Four years after submitting his findings from the 2013 IPL corruption probe to the Supreme Court, the lead investigator, senior police officer BB Misra, has said he didn’t have enough time or sufficient mandate to follow a big “fixing” lead involving a 2011 World Cup-winning superstar. Published in this paper, Misra’s revelations — he also red-flagged a notorious player-agent nexus — came close on the heels of the final SC order in this long-running court case that saw an army of BCCI old hands getting banned or disqualified and Indian cricket acquiring a radically changed constitution. These revelations question cricket’s court-monitored clean-up. In diligently sweeping the far corners of India’s humongous cricket-scape — they took months arguing about the Northeastern states’ voting rights in BCCI — the courts seem to have overlooked the pile of dirt right around the sacred space: Those 22 yards.
The cats might have been belled but an unseeing eye has been turned on the elephants in the room. By not pursuing the suspected wrong-doings of players with the same rigour as that with which they nailed board officials, the lordships may have slipped in adhering to the legal principle of equality before the law. IPL owners have been banned for speaking to bookies, but not players. A cricketer’s dalliance with a bookie — one of Misra’s main unfinished findings — isn’t a petty crime. It’s a grand theft, a global con, with more than a billion victims. But then cricketers are used to getting away. Judges, around the world, are tolerant towards cricketers. Justice MM Qayyum, who headed a similar match-fixing probe in Pakistan, allegedly went easy on Wasim Akram because of a self-confessed “soft corner” for the swing-bowling GOAT. Back home, Justice YV Chandrachud absolved every cricketer in the 1997 match-fixing scandal, only for the CBI to nail them later. Even in the present case, legal luminaries’ seeming awe of cricketers has jumped out from the pages of their reports. They have referred to them as “persons with impeccable character, integrity and honesty” — historian Ramchandra Guha, in his letter as he resigned from the SC-appointed Committee of Administrators, mentioned how the BCCI was partial towards cricketers with “superstar” status. The judiciary, too, has indulged them.

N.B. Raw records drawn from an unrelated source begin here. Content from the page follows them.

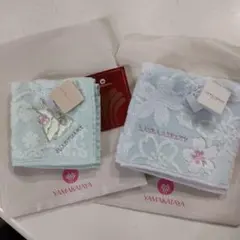 ★LAURA ASHLEY 桜柄、ジルスチュアートハンカチ2枚セット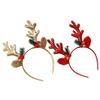 SOIMISS 8-Piece Christmas Reindeer Antler Headband Set with Faux Berries view 1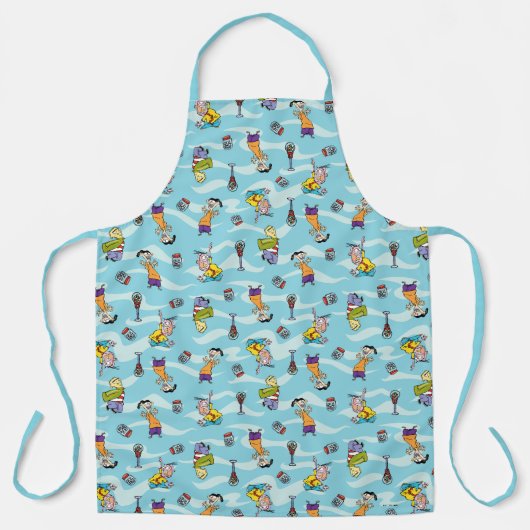 Ed、Edd、n渦模様 エプロン (正面)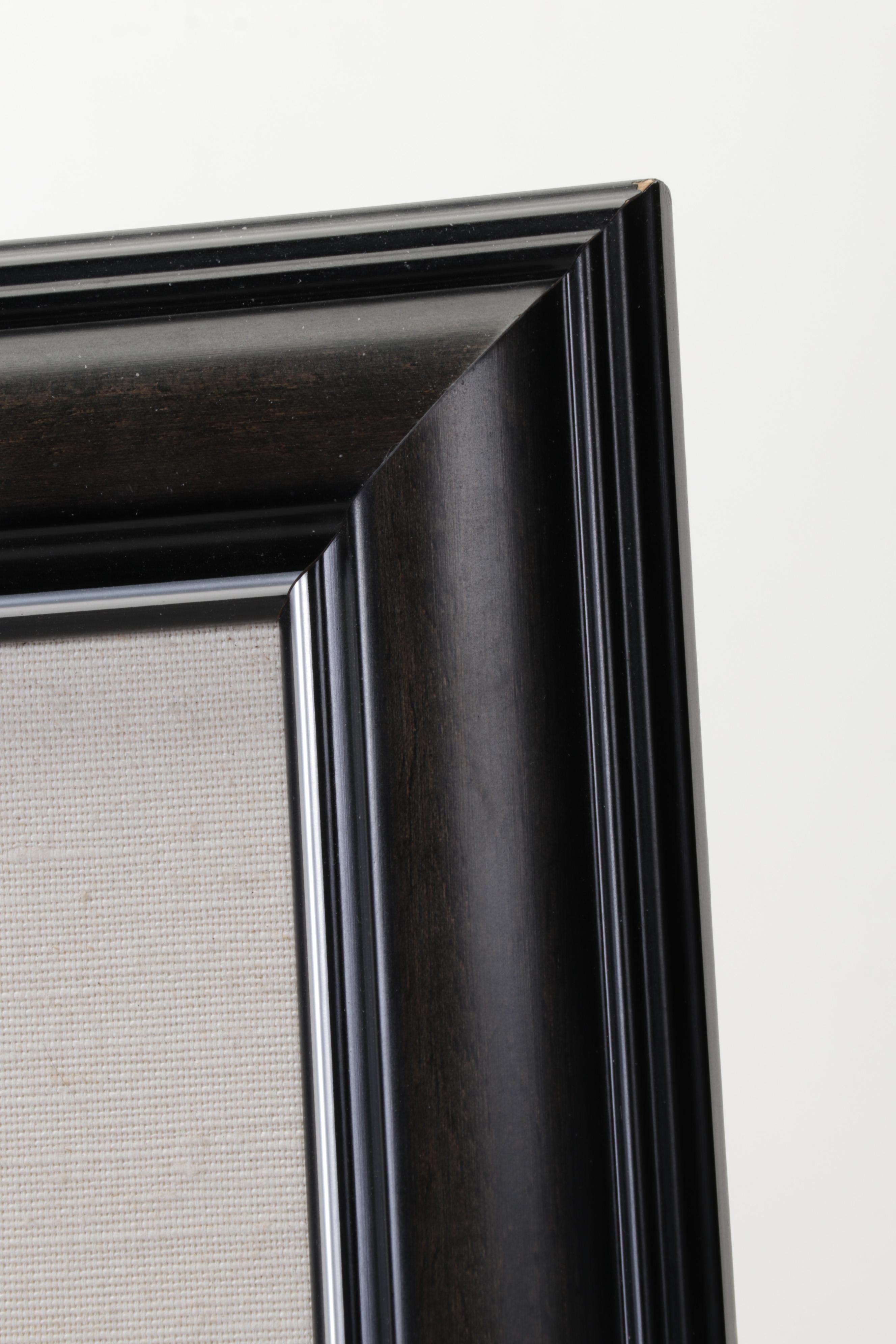 Handmade Needlepoint Color Gradient Lattice Panel in Frame, 2004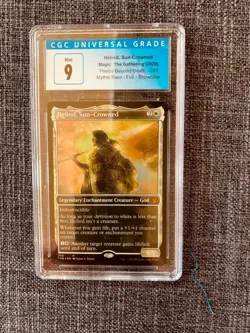 Rare Graded MTG 2020 Heliod, Sun-Crowned, Mythic Rare-Foil-Showcase 5/5 - Image 1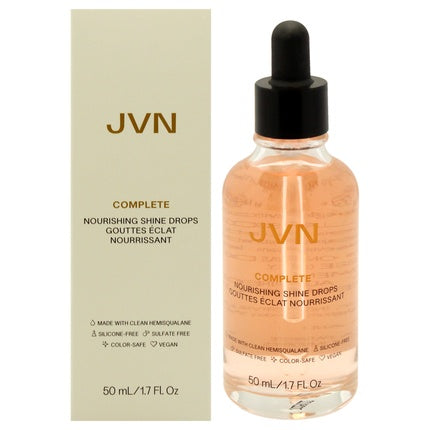 Jvn Complete Nourishing Shine Drops - 1.7 Oz Oil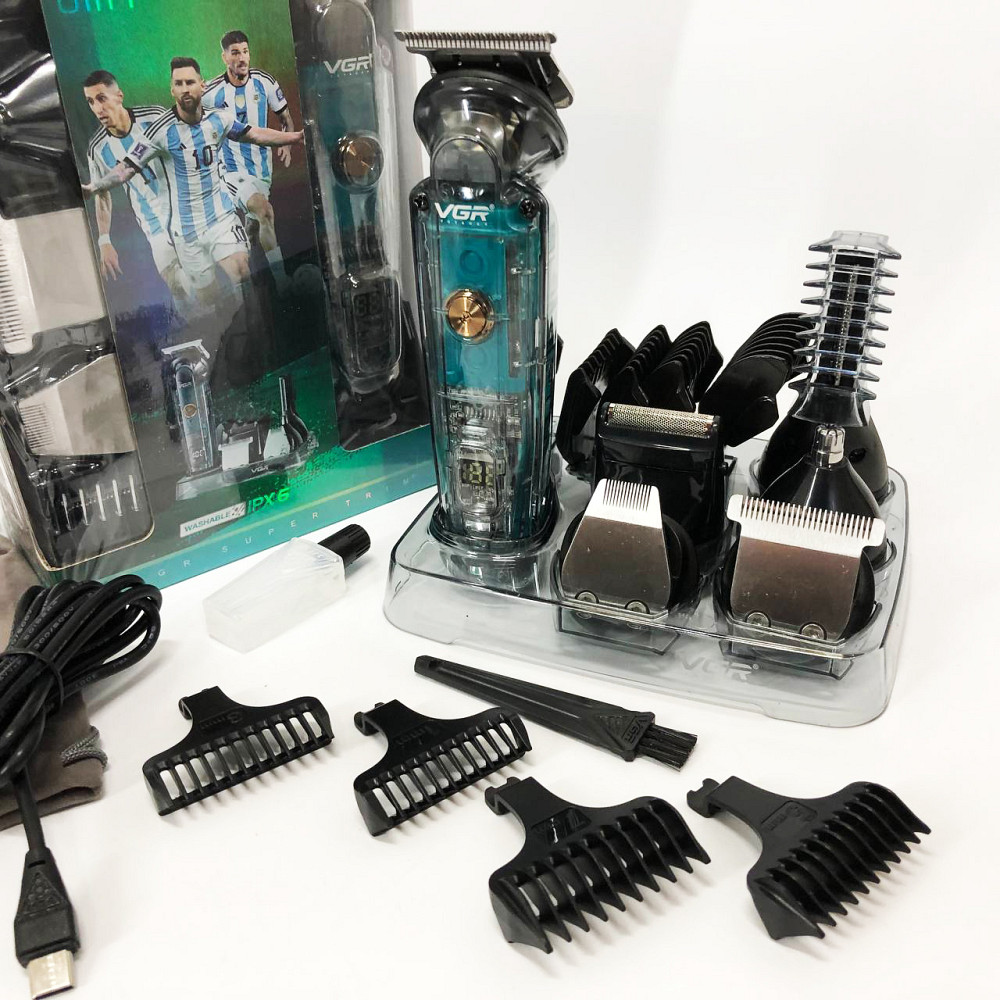 Профессиональная машинка для стрижки волос и бороды VGR Беспроводная машинка для стрижки дома VM-60 Львов - изображение 8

The only strong voice of reason and outrage after Misra broke his silence has been that of Justice RM Lodha. He wants the CoA-controlled BCCI to immediately order a probe. So far, the BCCI has been silent and it isn’t a surprise. As an institution, the Indian cricket board has a dubious record when it comes to cracking down on corruption. Their own anti-corruption unit chief has in the past accused the world’s richest cricket body of a cavalier attitude towards this evil. They need to shake off their lethargy and follow Misra’s lead. The fans need to know which of their World Cup heroes was in touch with betting syndicates. This is too important a tale to be reduced to a dark bedtime story Misra will tell his grandchildren.